Jaya One, on the other hand, is almost fully occupied. Total net lettable space for the mall is about 220,000sq ft with an average rent ranging from RM4.50 per sq ft to RM15 per sq ft, depending on the size and location.

The School, which is the retail component of Phase 2 in the Jaya One development, saw a 30% occupancy rate in the first quarter of the year and is expected to reach 70% by August, said Wong.

Neighbourhood malls in the Klang Valley have done well to generate interest within their immediate areas and beyond with a good mix of tenants and events.

Jaya One has been attracting an average of 900,000 visitors a year since 2008 and Wong expects this number to double when its new phase is launched at the end of the year.

Citta Mall is an open air mall located in Ara Damansara, Petaling Jaya.
Citta Mall is an open-air mall located in Ara Damansara, Petaling Jaya.

Even the newly opened Jaya Shopping Centre is enjoying decent numbers with about 4,000 people a day during weekdays and double the number on weekends.

“The reopening of Jaya Shopping Centre has attracted people who have fond memories of the original Jaya. And we have a constant stream of people coming in, thanks to the offices, schools and businesses and of course homes in the vicinity.

“I know several who come to Jaya at least twice a day!” exclaims Ismail.

But just because neighbourhood malls have a ready pool of visitors in those living nearby, it does not mean that these malls can rest on their laurels.

Wong noted that in this day and age, neighbourhood malls have to work harder in developing their game to constantly engage shoppers. This, he said, basically translates to more personalisation and customisation.

“Due to the competitive nature of the retail landscape, it is evident that shopping malls have to go beyond the basic infrastructure of air-conditioning, elevators, escalators and basic security.

“The brand positioning of a typical neighbourhood shopping mall will have to be well-defined in a shopper’s mind from day one.

“Anchor tenants are no longer key traffic drivers.

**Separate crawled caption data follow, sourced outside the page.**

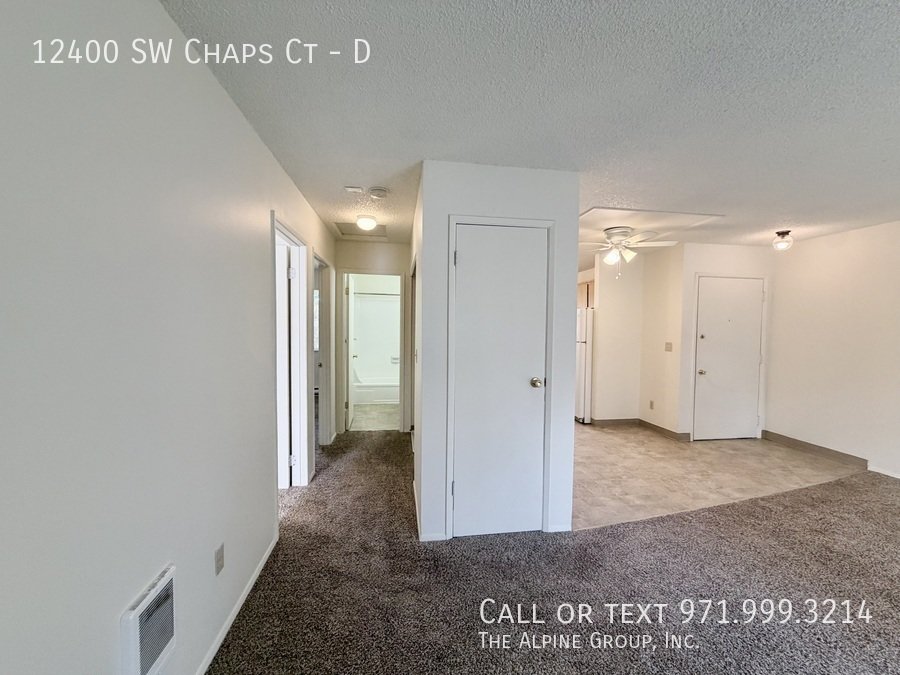 🌼Light-Filled Top-Floor Unit with In-Unit Laundry & Parking! property image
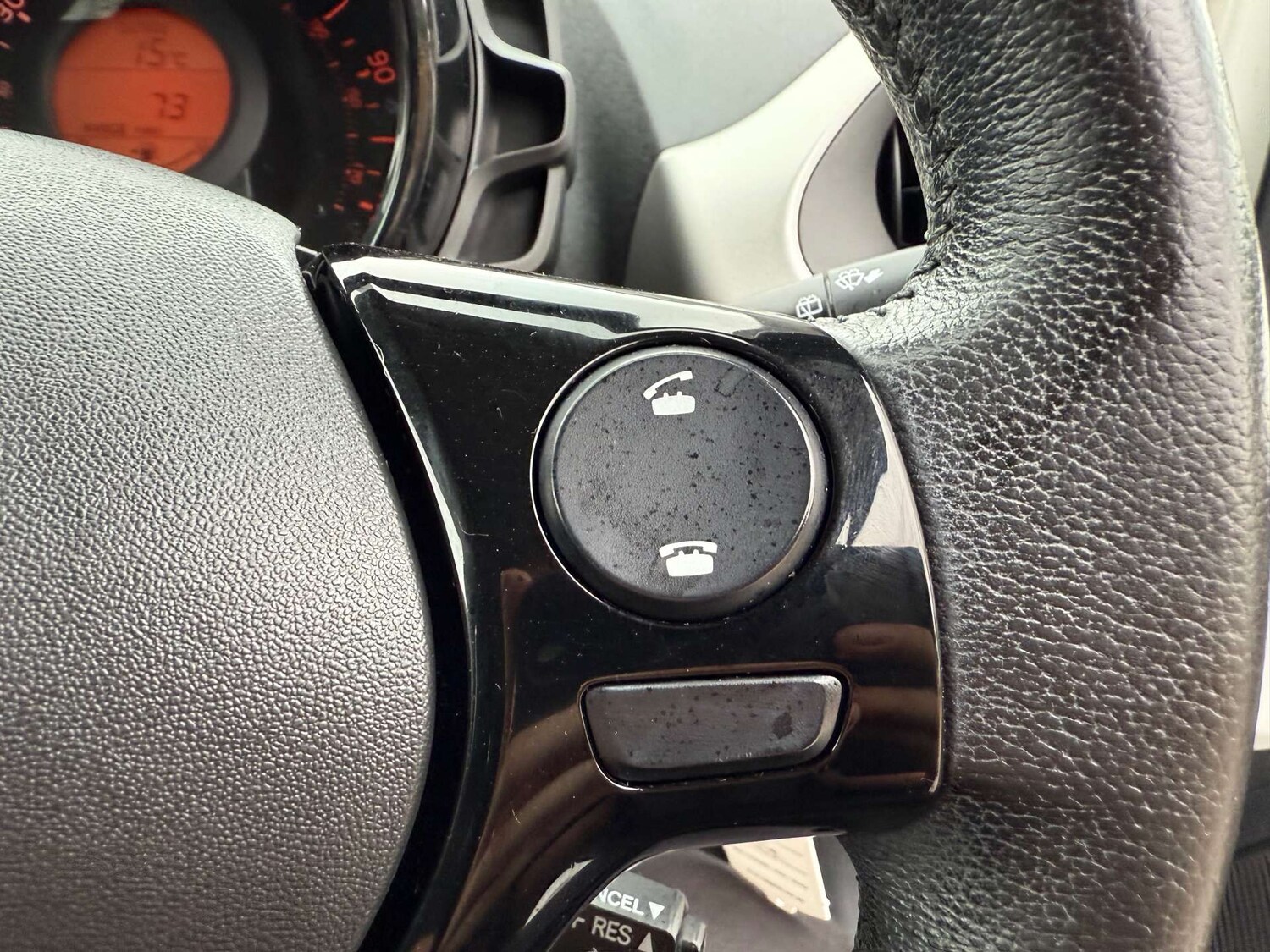 Used Toyota AYGO 2016 for sale - 76363851: Photo 36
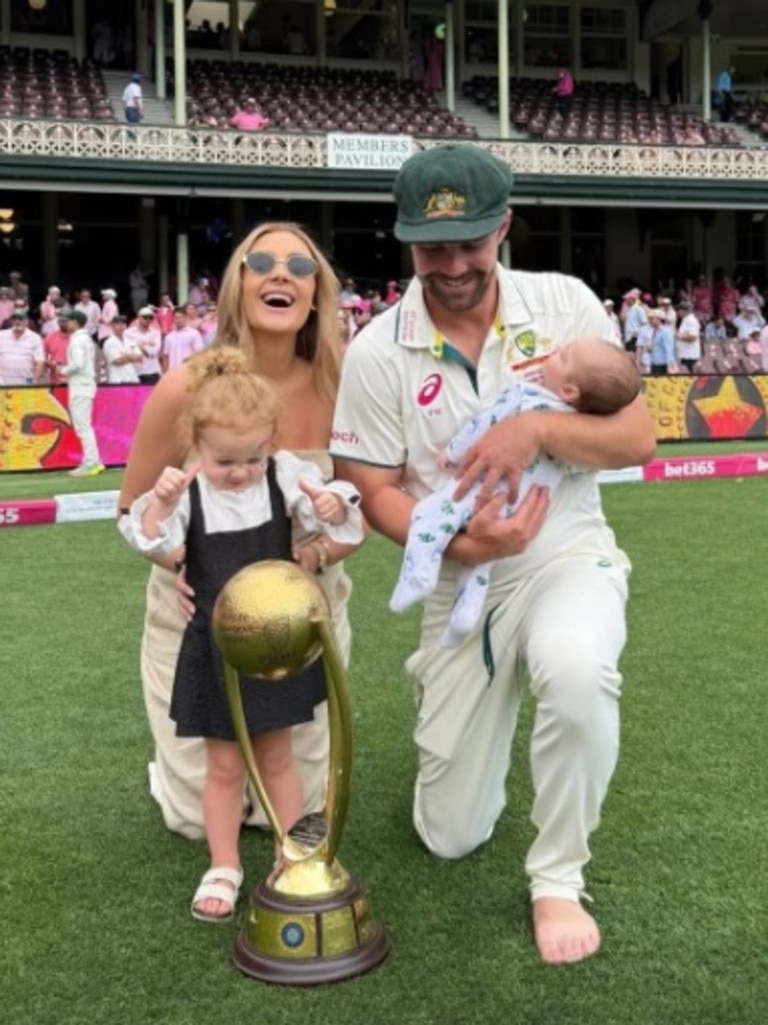 Travis Head celebrates with his family on the SCG.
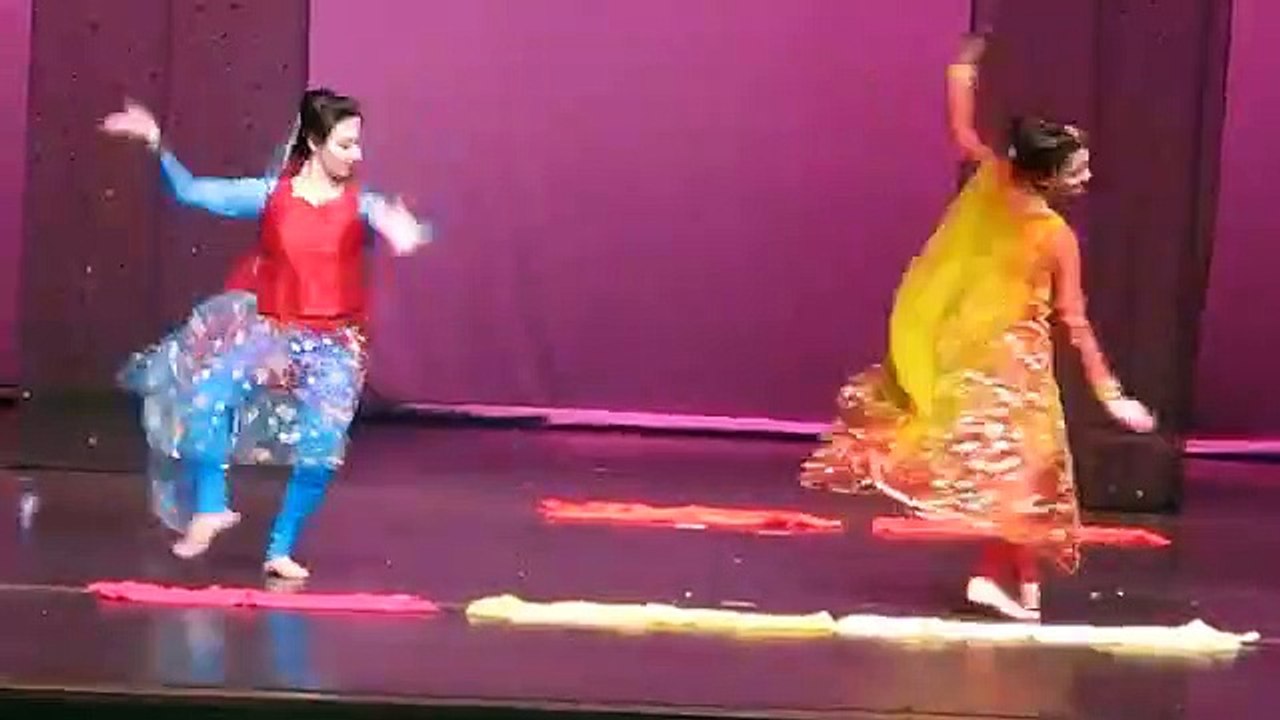 Manpreet toor naina batra dancing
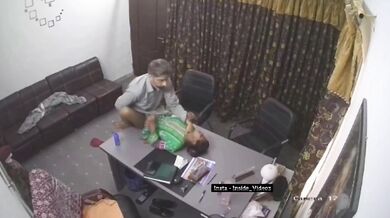 Office ki mulazam aunty ki chudai wali Paki Porn Reel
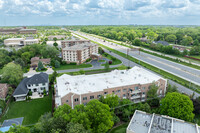 1200 S Prospect Ave in Elmhurst, IL - Foto de edificio - Building Photo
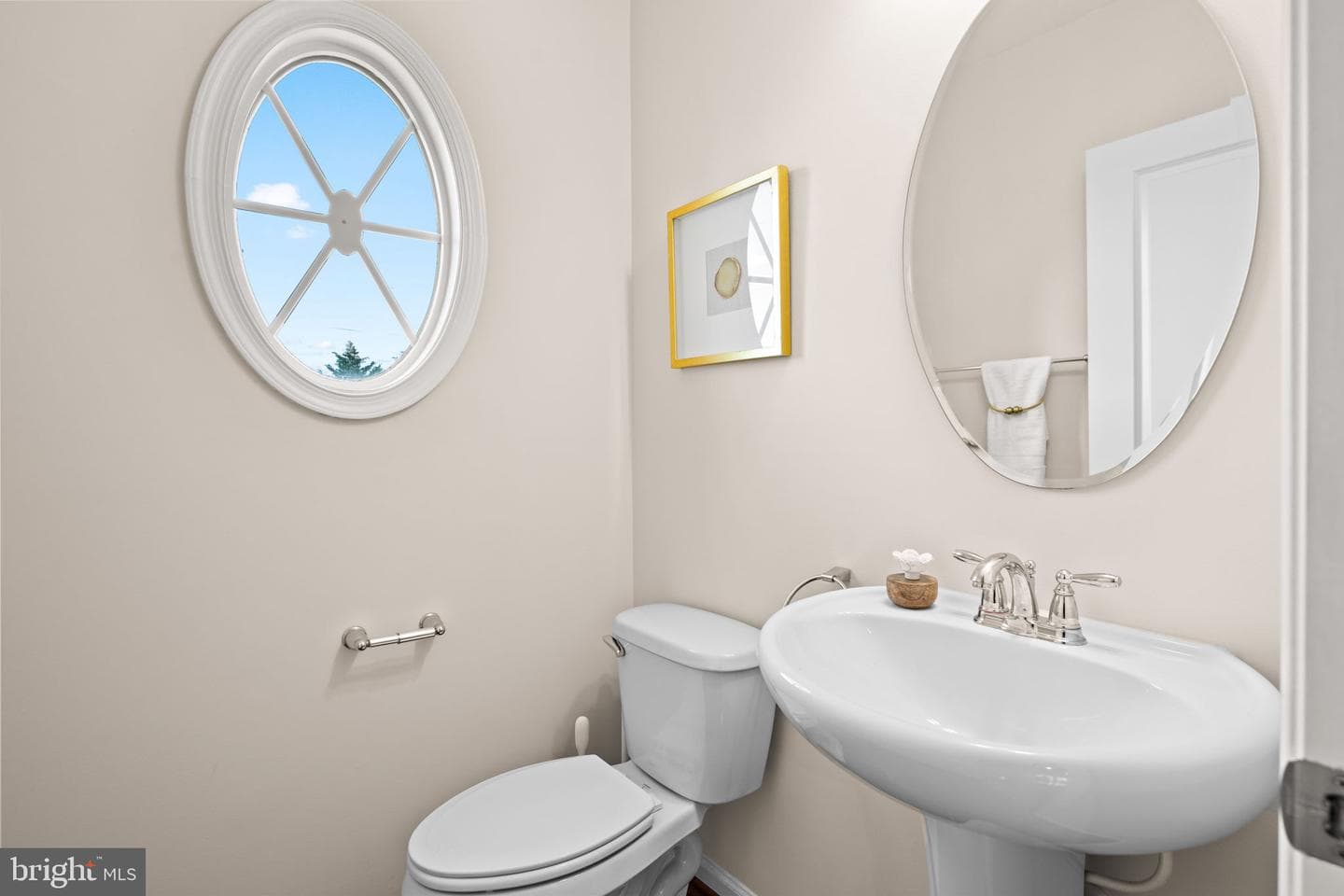 25741 Clairmont Manor Square photo 16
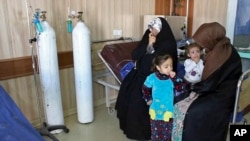 Wasu da harin gubar da ISIS ta kai ta farwa suke dakon jinya a wani asibiti.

Instead, a large collection of smaller tenants that share similar retail offerings will help define the shopping mall’s key offerings,” Wong said.

The old Jaya Supermarket in 1975.

In fact, given time and a good mall-management strategy, Wong believes that most neighbourhood malls have the potential to grow to play a larger role.

But for now, Jaya One is focused on realigning its offerings in Phase 1 and Phase 2 to remain relevant to its target market as well as its commercial tenants.

“It is a symbiotic approach, which requires daily effort to steer the development towards creating an ecosystem that will naturally weave Jaya One into the fabric of the local community,” said Wong.

Ismail believes there is still room to grow the neighbourhood retail space and Jaya Section Fourteen is looking to build more neighbourhood malls, with the possibility of going outside the Klang Valley.

“Yes, we are in investment mode and have an appetite for neighbourhood malls.

“But our immediate plan for Jaya Shopping Centre now is to ensure its success in terms of leasing and ensuring the existing tenants are happy.

“With the retail sector, the efforts to reach out and engage with the public have to be continuous,” he said.